12/8/2005 9:02:00 AM

0

I went ahead and implemented my own suggestions, and just to give you
an idea of how fast you can get this, my version can find all valid
anagrams of a five-letter word ("truck") given a 274,000 word
dictionary in 0.231 seconds....real-time.

:D

batkins57@gmail.com wrote:
> One thing you could try is inverting your algorithm. My dict/words
> file has 234,000+ entries in it. Since you're looping through the dict
> file and then calling rodolfo on each iteration, you have to pay the
> cost of calling rodolfo 234,000 times, even though in general only a
> couple of entries in the words file are relevant.
>
> So what you could do is first find all the possible permuations of the
> letters in your given word. Then loop through the word file once. If
> a word matches one of the permutations in your list, remove it from the
> list of words to be checked and push it onto a separate list. This
> should be significantly faster, since you calculate the combinations up
> front, and then do one scan through the list.
>
> You could also call out to a program like aspell or ispell to check
> your words for you.
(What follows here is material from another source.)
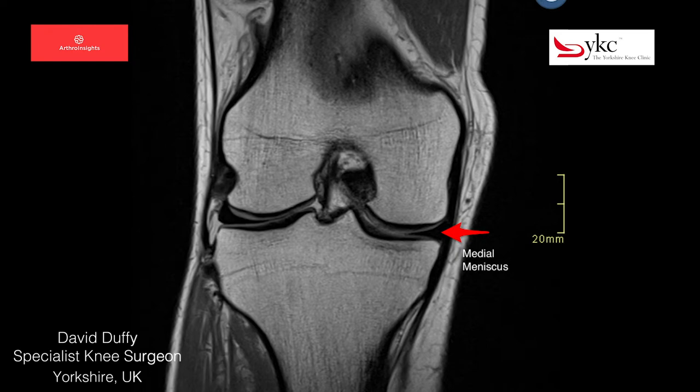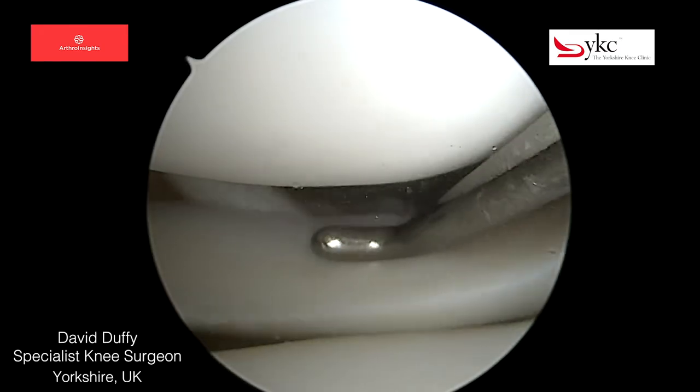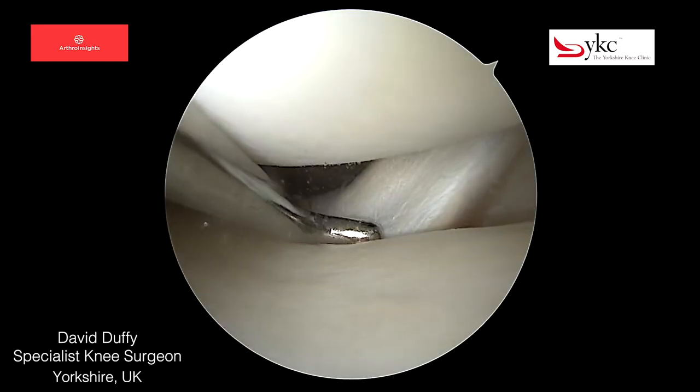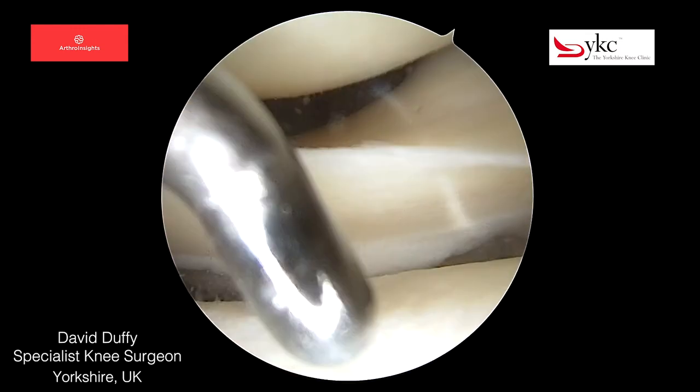It is the dark triangular structure here. I'm using a probe to examine a lateral meniscus. This differs from the medial side as it has an opening or hiatus to allow the passage of a tendon of the popliteus.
Those programs will do something at least as fast
> as a binary search, which will take much, much less time than scanning
> through the whole thing - even in the worst case, a 234,000 entry file
> will be checked in 18 string comparisons, instead of 234,000.
>
> hth,
> Bill
>
> travis laduke wrote:
> > it seems to me, with computers these days, this should finish
> > instantly, not take like 20 seconds.
> > also, please help me make my ruby more ruby-like. i'm new to ruby,
> > not that i know any other language.
> >
> >
> > ##these are here from when i was first testing
> > secret_word = "spine"
> > rack = "spine"
> >
> > secret_word = secret_word.split(//)
> > rack = rack.split(//)
> > test_rack = rack.to_s
> >
> > ##are there enough of the right letters in the rack to spell the word
> > from the dictionary?
> > ##i think i'm going to use funny spanish names for my methods instead
> > of descriptive names.
> > def rodolfo(secret_word, rack)
> > secret_word.each do |x|
> > rack = rack.to_s
> > if rack.include? x
> > rack = rack.sub(x, '')
> > ##p rack, x
> > else
> > ##puts x, ' rack don\'t work'
> > break
> > end
> > end
> > end
> >
> >
> > puts "reading dictionary"
> > dict = IO.readlines('/usr/share/dict/words')
> >
> > while rack
> > puts "enter rack"
> > rack = gets.chomp.split(//)
> >
> > dict.each do |secret_word|
> >
> > if rodolfo(secret_word.chomp.split(//), rack)
> > puts secret_word.to_s
> > end
> > end
> > end

Martin DeMello

12/8/2005 9:38:00 AM

0

batkins57@gmail.com wrote:
>
> So what you could do is first find all the possible permuations of the
> letters in your given word. Then loop through the word file once. If
> a word matches one of the permutations in your list, remove it from the
> list of words to be checked and push it onto a separate list. This
> should be significantly faster, since you calculate the combinations up
> front, and then do one scan through the list.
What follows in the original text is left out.